Alex Beam’s next book, on Mies van der Rohe and Edith Farnsworth, will appear in March from Random House.

Deep River spans two continents and five generations of a farming family from the Finnish hinterlands. The Koskis know only conflict. Fleeing the Russian occupiers of their homeland at the turn of the last century, they relocate to the towering forests of the Pacific Northwest. Their adopted land holds many surprises for them: near-starvation wages; logging bosses who treat workers like chattel; thug armies that can be mobilized at the blast of a whistle to beat any thoughts of labor unions out of militant workers. Or kill them, if necessary.

Deep River has a Tolstoyan list of dramatis personae, but they all support the main character, the fiery Aino Koski. We meet Aino as a child of the late nineteenth century and follow her all the way to her 1969 retirement ranch-house overlooking the Columbia River.
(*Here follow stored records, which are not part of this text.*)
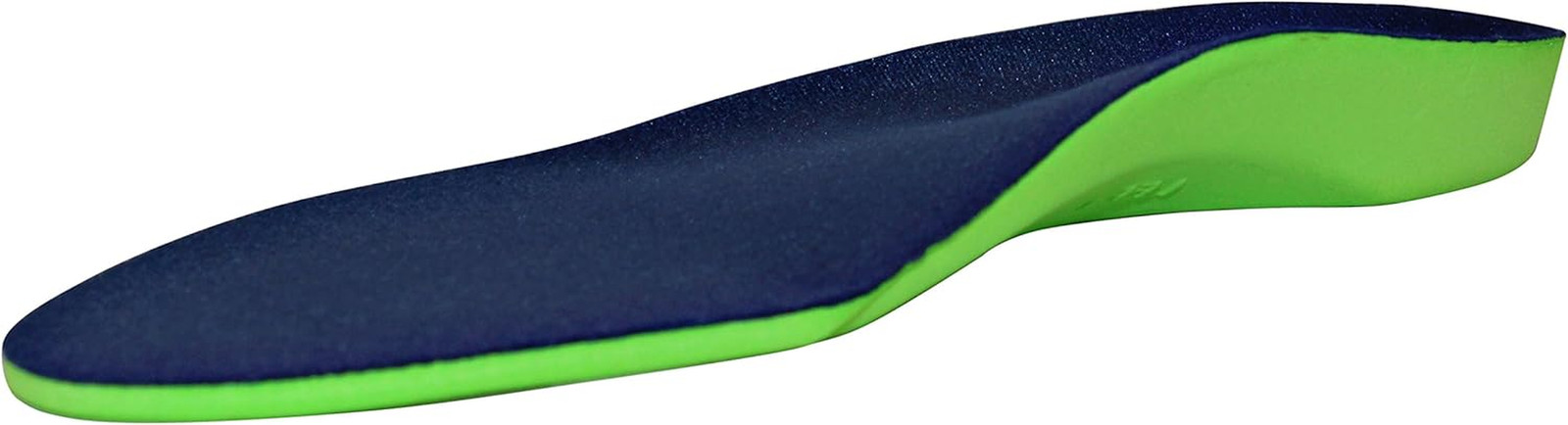 Neon Fix Sport Premium Grade Orthotic Insole Revolutionary Lightweight Soft & St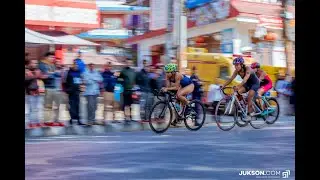South Asian Games #SAG || Triathlon Highlights || Nepalese #SonyGurung received the Gold || JuksonTV
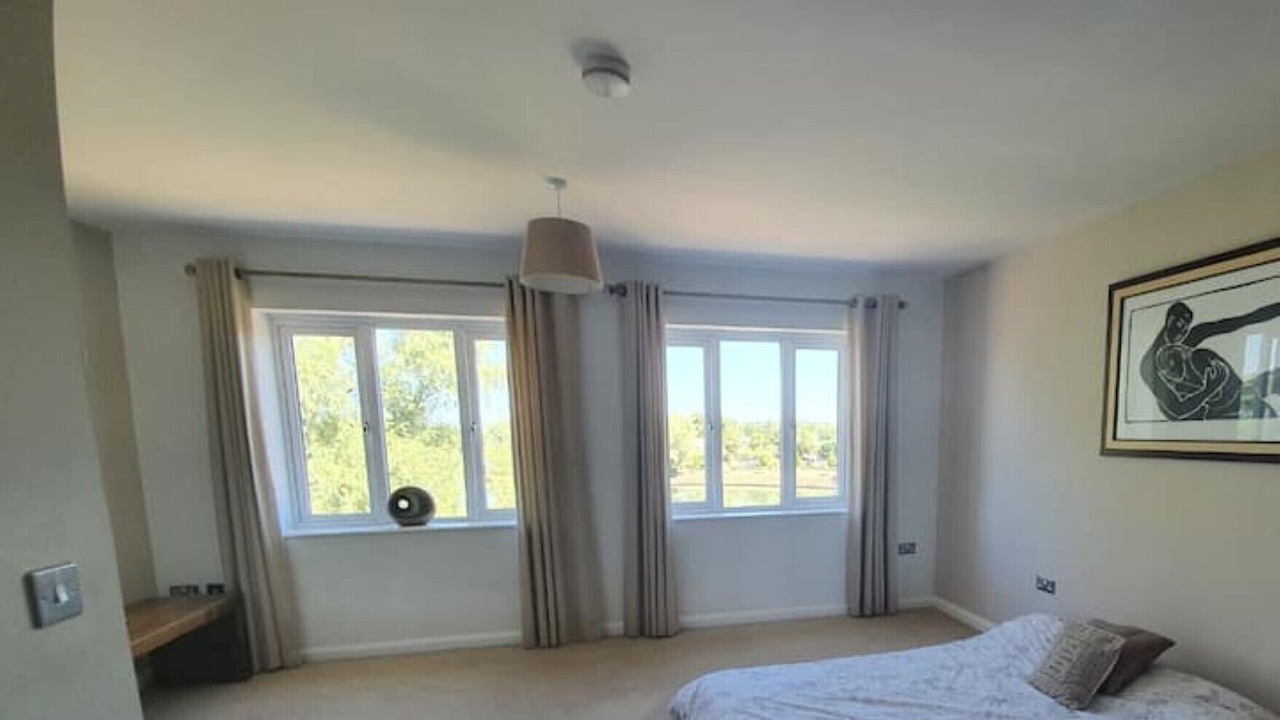 Photo of Bedroom in Caldecotte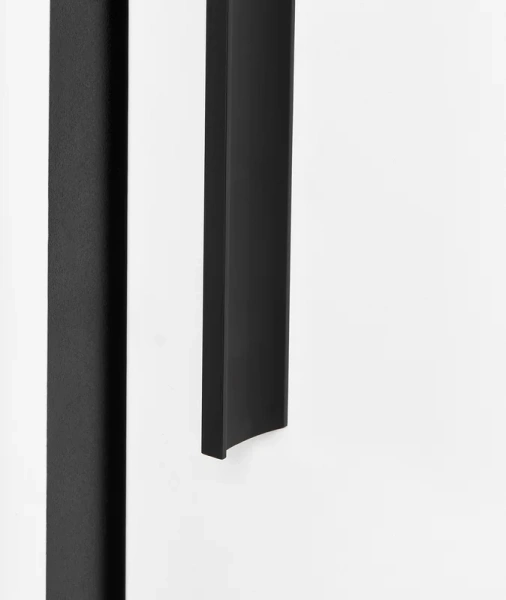 Тумба под раковину подвесная Акватон Ривьера 60 см белая матовая, белая - фото 7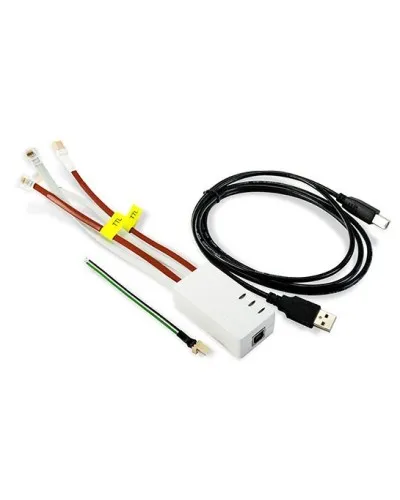 USB-RS. Конвертор USB-RS для настройки устройств SATEL. SATEL в Новосибирске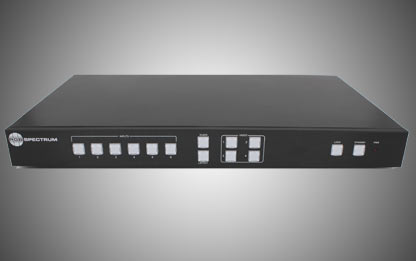 QuadView UHDx KvM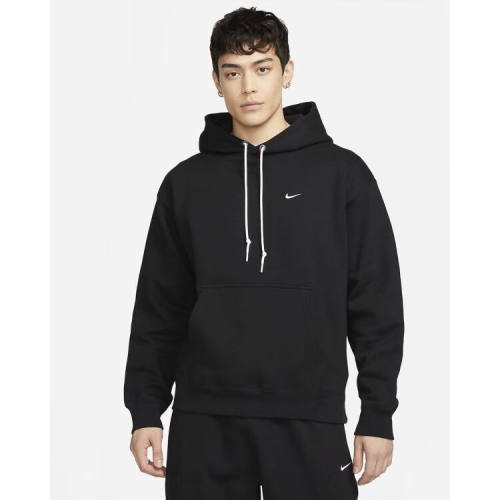 Nike耐克男休闲美式复古宽松卫衣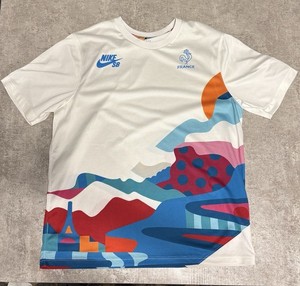 Nike Sb Parra Jersey | eBay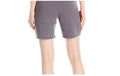 IMG 120 of Summer Women Knitted Shorts Mid-Waist Casual Pants Shorts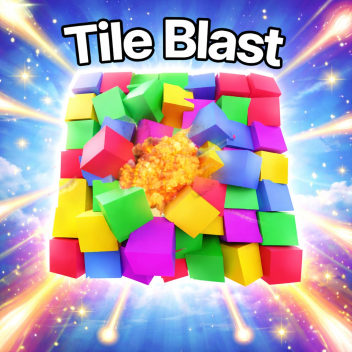 Tile Blast 💥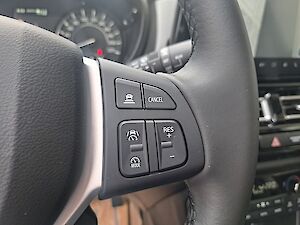Suzuki S-Cross 1,4 Hybrid ALLGRIP flash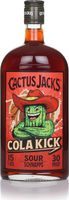 Cactus Jack's Cola Kick Schnapps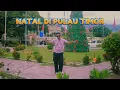 Natal di Pulau Timor - Edigio Tano (Official Music Video)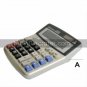 4GB Calculator Style HD Spy Camera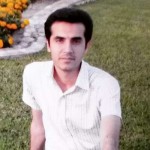 تصویر پروفایل امید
The beautiful, untamable Aino dominates Deep River, which, author Karl Marlantes tells us, is loosely informed by The Kalevala, the epic poem of Finland. (Marlantes wrote the Vietnam War novel Matterhorn. His Finnish ancestors settled in southwestern Washington in the 1890s.)

Aino Koski is a revolutionary in every sense of the word. In Finland, she collaborates with the “Reds,” the anti-Russian partisans fighting the tsar’s soldiers garrisoned in Finnish homes. In the United States, Aino joins the Wobblies, the militant Industrial Workers of the World, who don’t hesitate to use force to further their demands. She wills herself to be free of bourgeois attachments such as marriage and child-rearing. This proves to be more easily imagined than accomplished.

Marlantes also invites real characters into the grand flow of his story. Aino has a brief affair with a young IWW organizer named Joe Hillström (an attachment with fateful consequences for her). At 81, Aino will hear her lover’s alias on the radio, sung in a clear soprano: I dreamed I saw Joe Hill last night / As alive as you and me.

Fiction, myth, history, and art cascade down from the Pacific Northwest highlands and merge into the narrative flow of Deep River. It is an impressive achievement.